== Dataset content ==
# # # # # # #

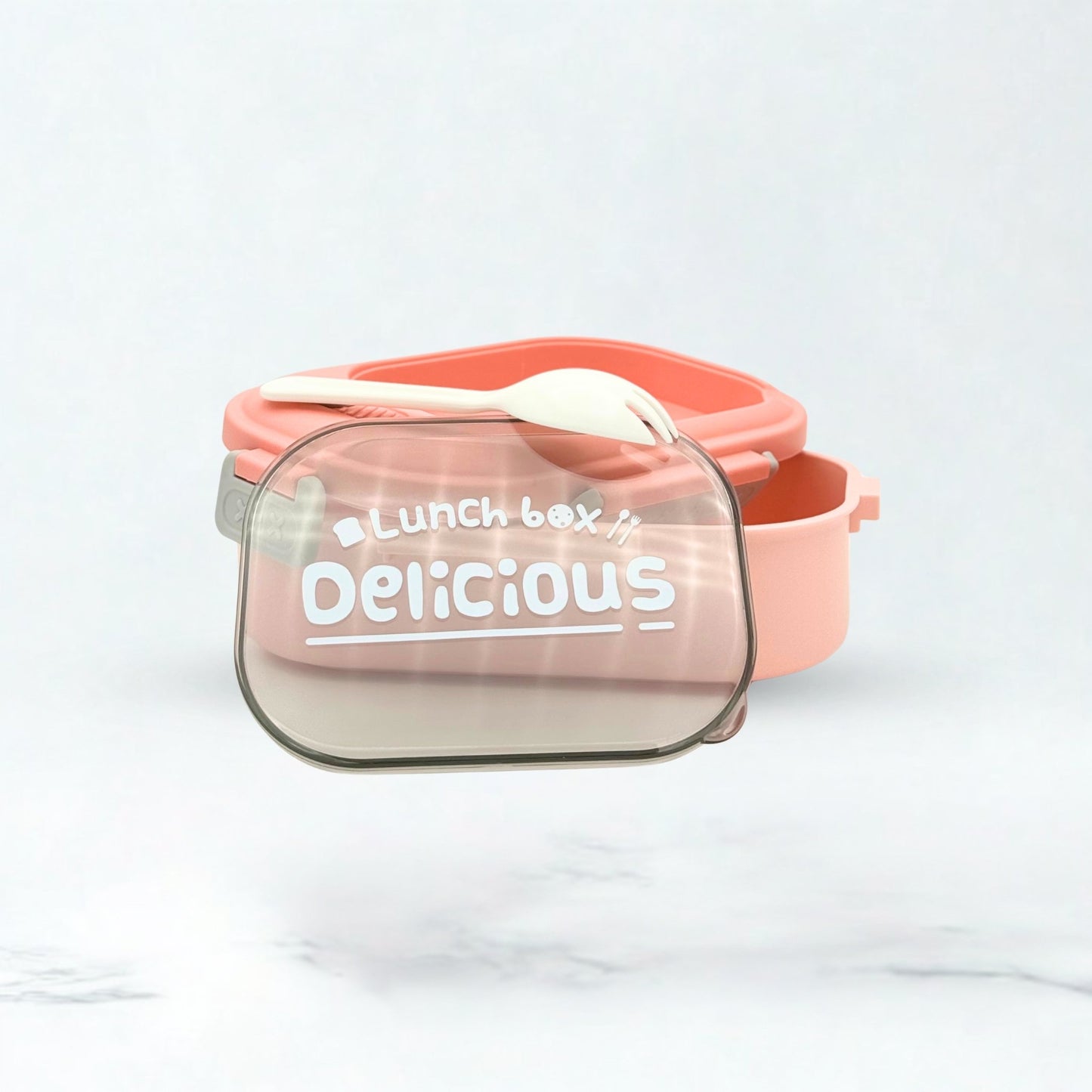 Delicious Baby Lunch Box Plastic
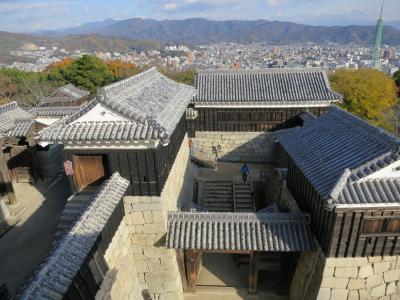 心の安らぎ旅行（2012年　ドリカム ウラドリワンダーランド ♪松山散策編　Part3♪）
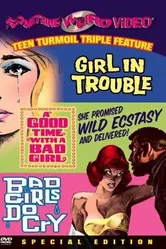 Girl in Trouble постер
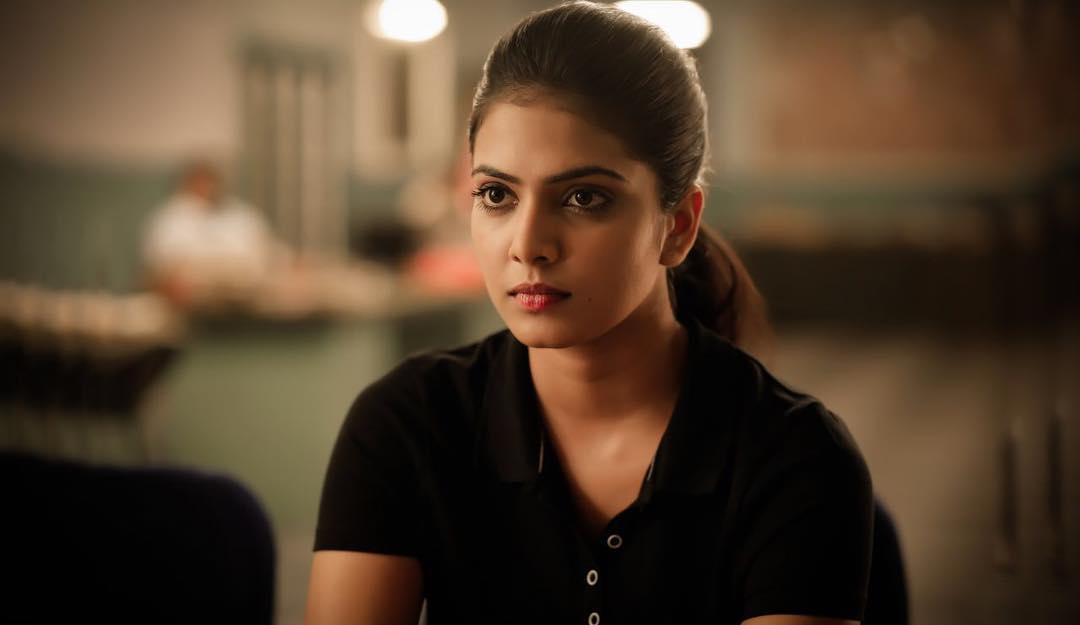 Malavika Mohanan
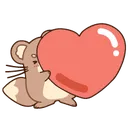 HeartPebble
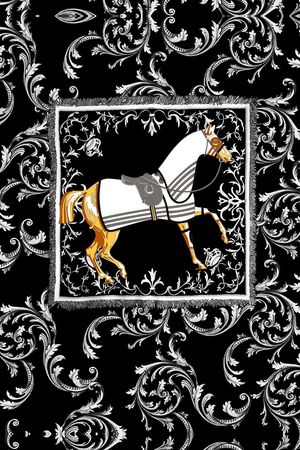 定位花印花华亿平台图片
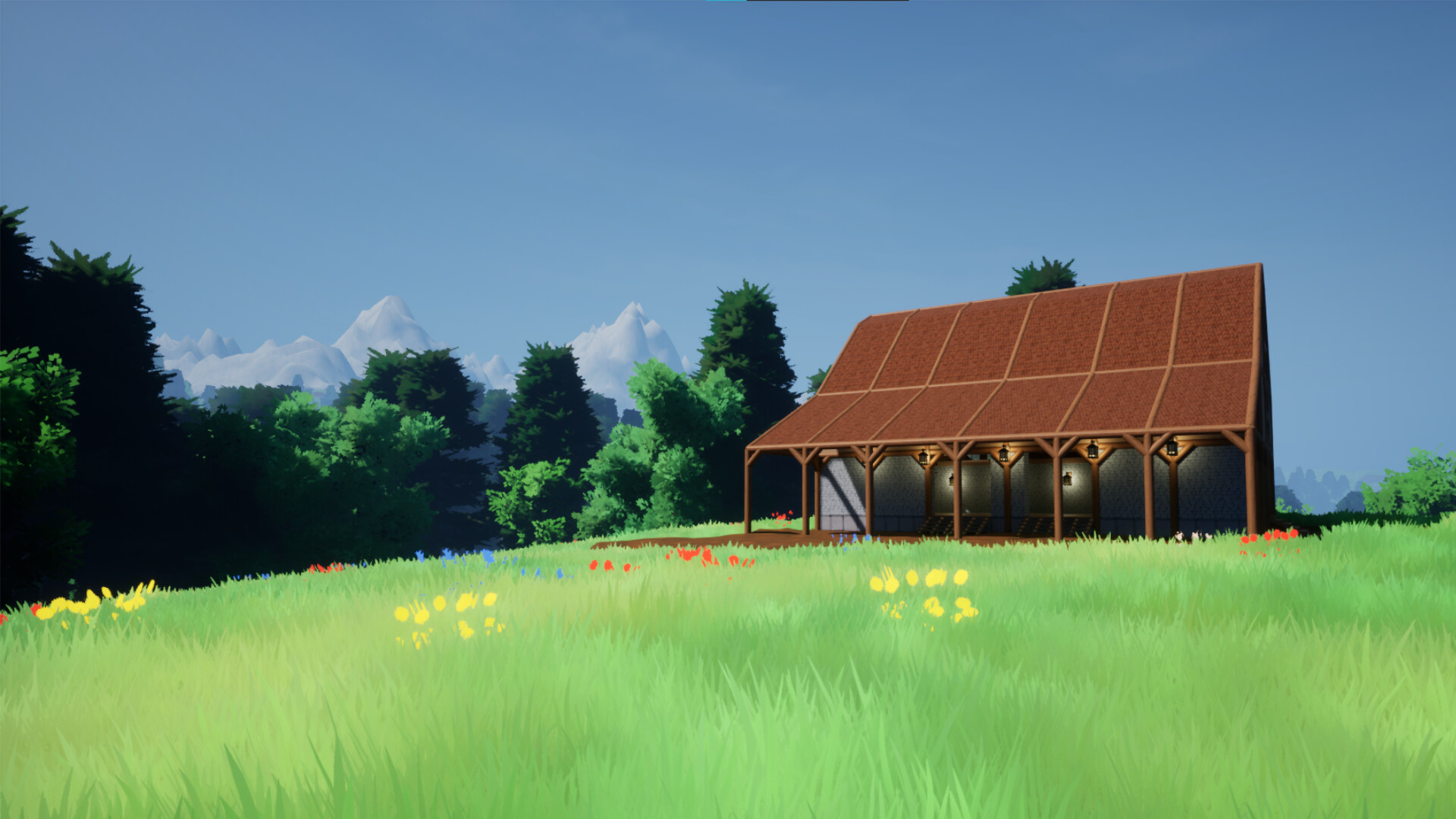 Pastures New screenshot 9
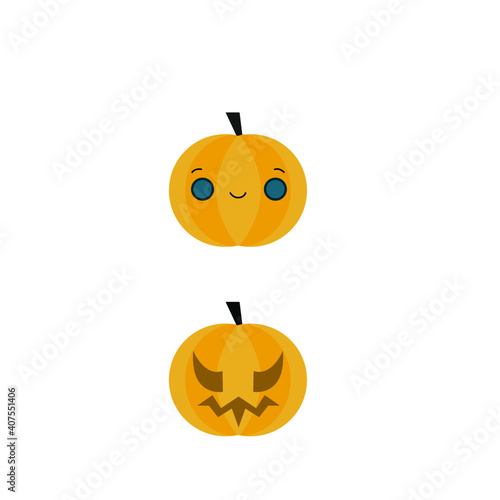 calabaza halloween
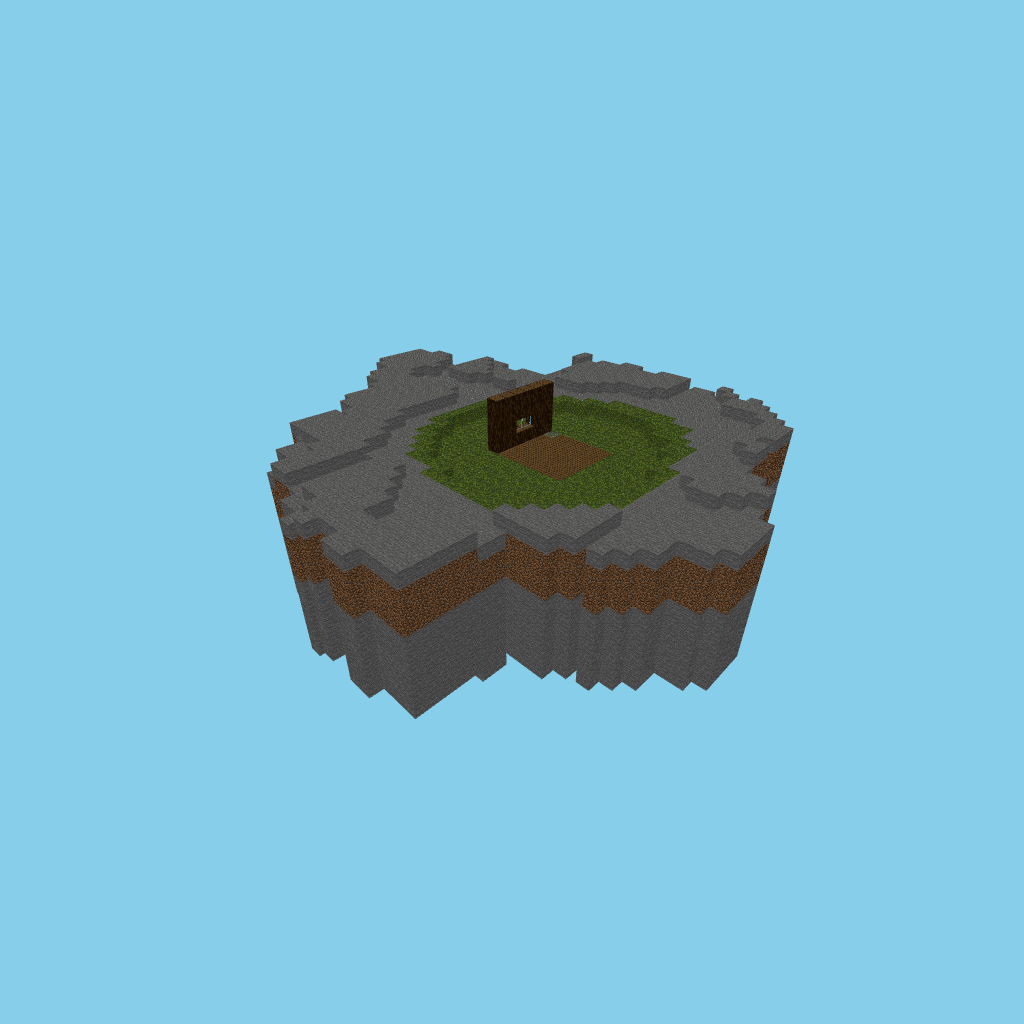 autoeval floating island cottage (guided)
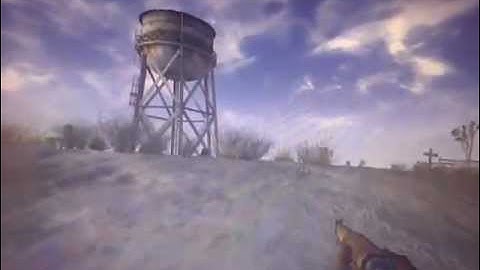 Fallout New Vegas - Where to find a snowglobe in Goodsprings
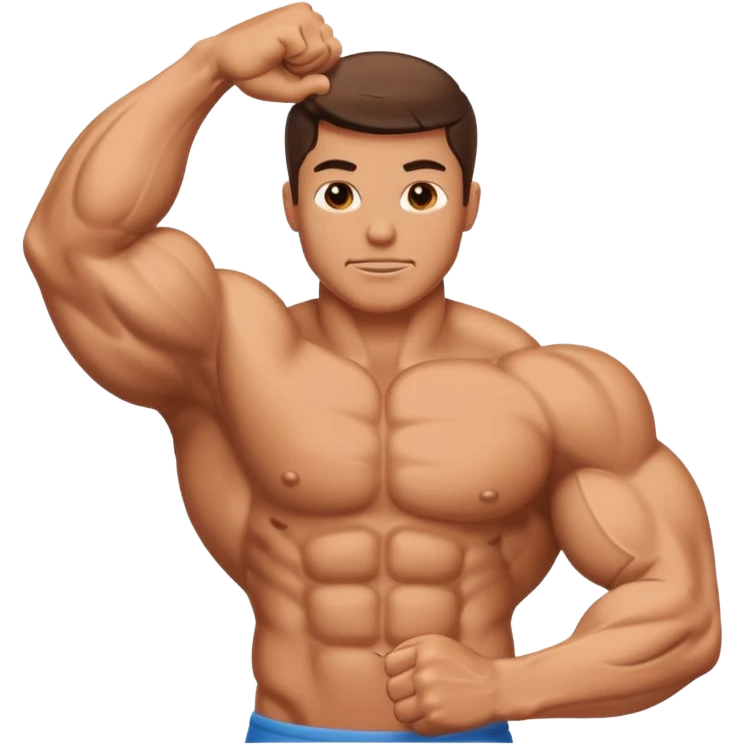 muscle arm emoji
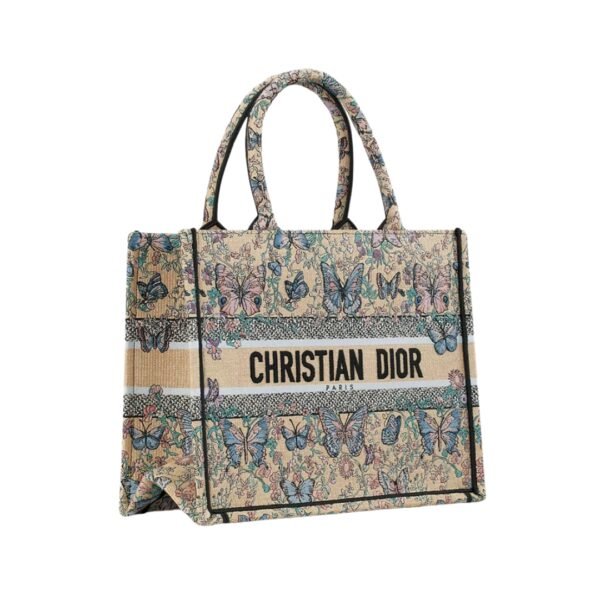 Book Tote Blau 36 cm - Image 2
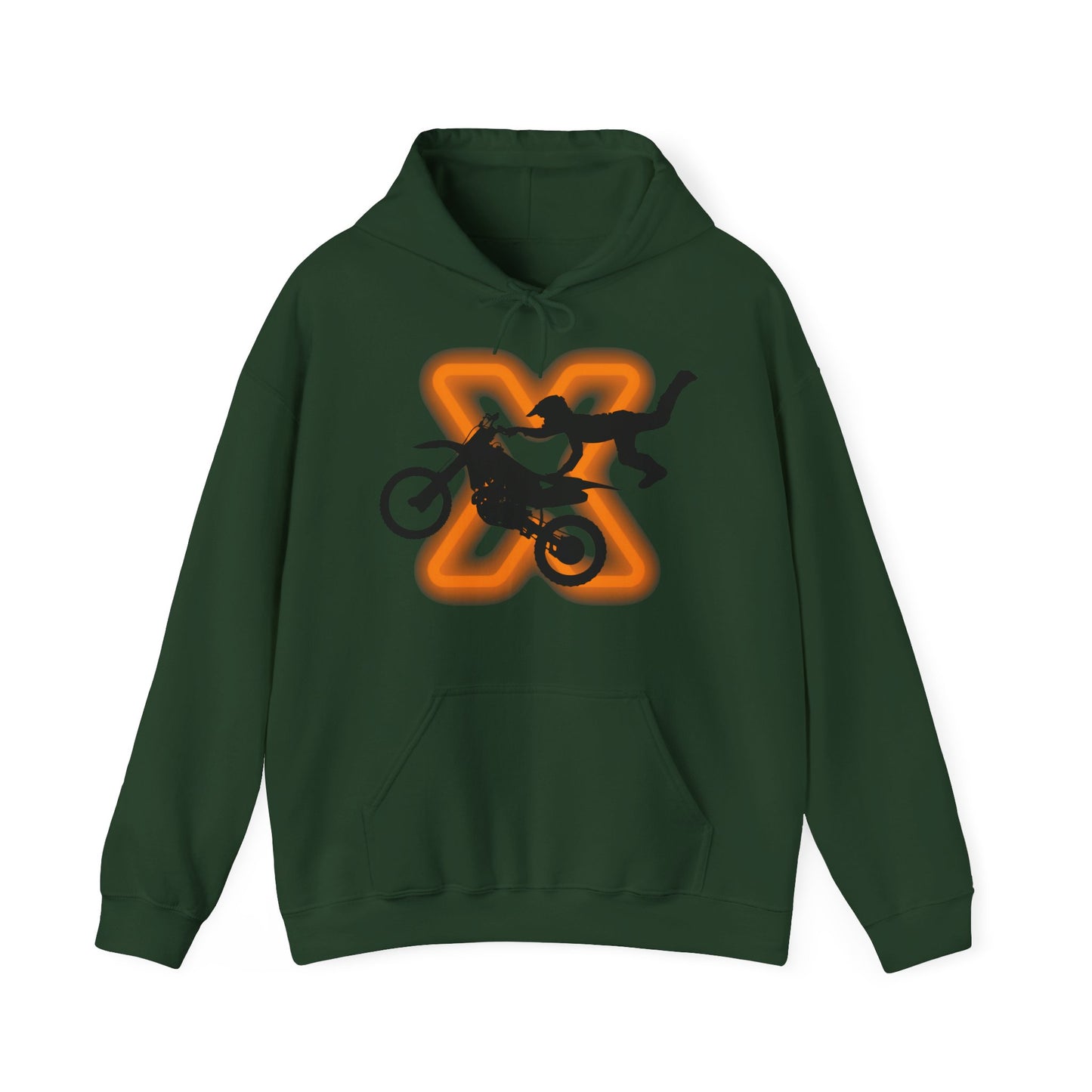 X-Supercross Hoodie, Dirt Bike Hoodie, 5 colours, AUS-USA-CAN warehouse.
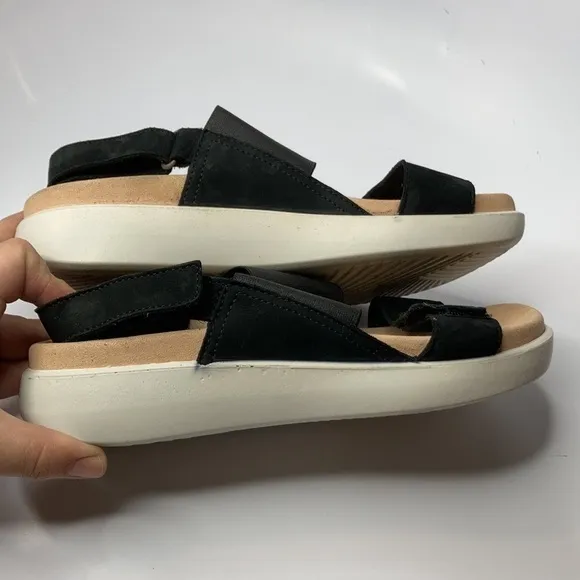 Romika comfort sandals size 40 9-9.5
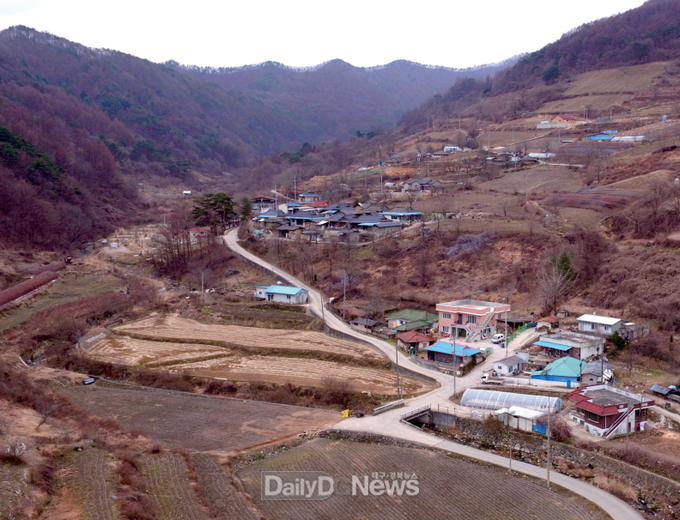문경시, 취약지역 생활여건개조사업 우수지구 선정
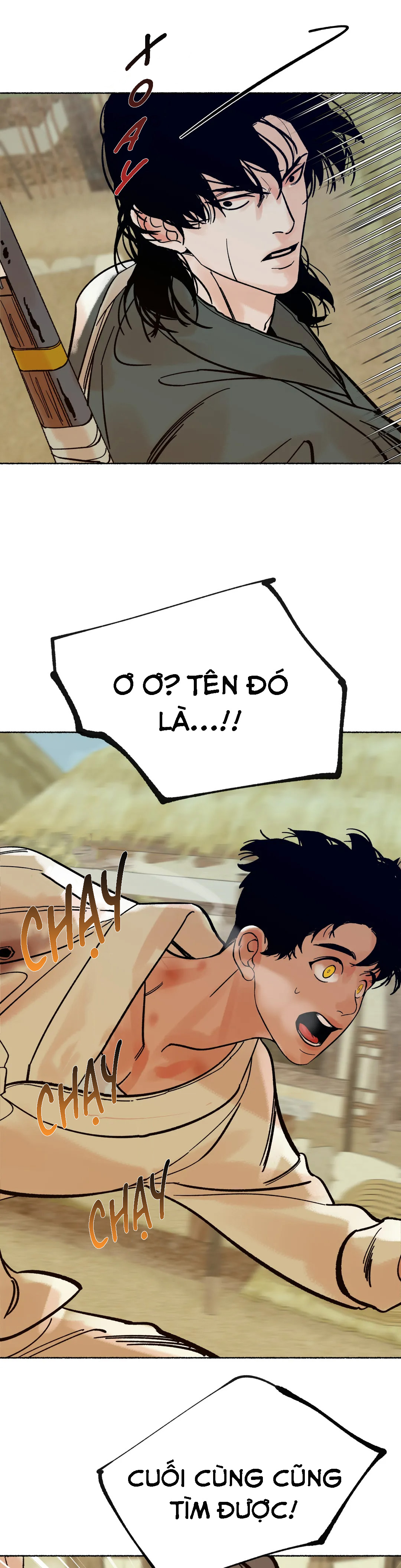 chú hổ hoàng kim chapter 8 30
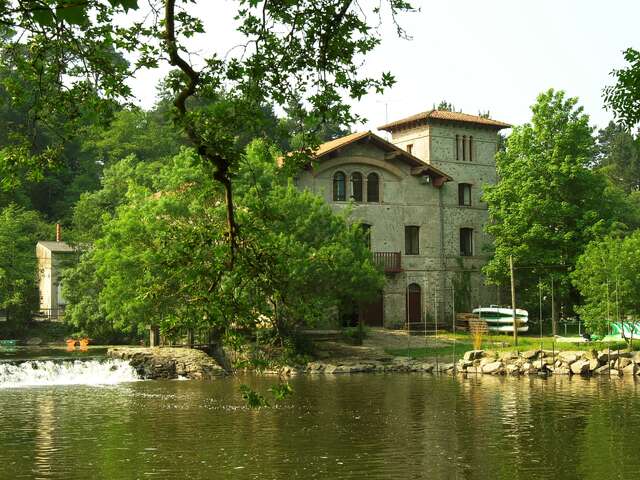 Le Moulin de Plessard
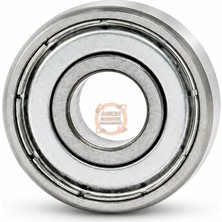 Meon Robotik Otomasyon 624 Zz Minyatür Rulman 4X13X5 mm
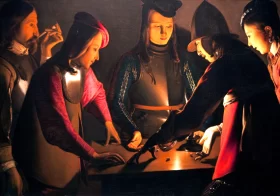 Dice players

# # # # # # #

== What you will do ==
All entries above should be returned exactly, apart from their pictures.

== Solution for this task ==
 Delicious Baby Lunch Box Plastic
 心の安らぎ旅行（2012年　ドリカム ウラドリワンダーランド ♪松山散策編　Part3♪）
 Girl in Trouble постер
 Malavika Mohanan
 HeartPebble
 定位花印花华亿平台图片
 Pastures New screenshot 9
 calabaza halloween
 autoeval floating island cottage (guided)
 Fallout New Vegas - Where to find a snowglobe in Goodsprings
 muscle arm emoji
 Book Tote Blau 36 cm - Image 2
 X-Supercross Hoodie, Dirt Bike Hoodie, 5 colours, AUS-USA-CAN warehouse.
 Romika comfort sandals size 40 9-9.5
문경시, 취약지역 생활여건개조사업 우수지구 선정
 chú hổ hoàng kim chapter 8 30
 Le Moulin de Plessard
 Meon Robotik Otomasyon 624 Zz Minyatür Rulman 4X13X5 mm
 Dice players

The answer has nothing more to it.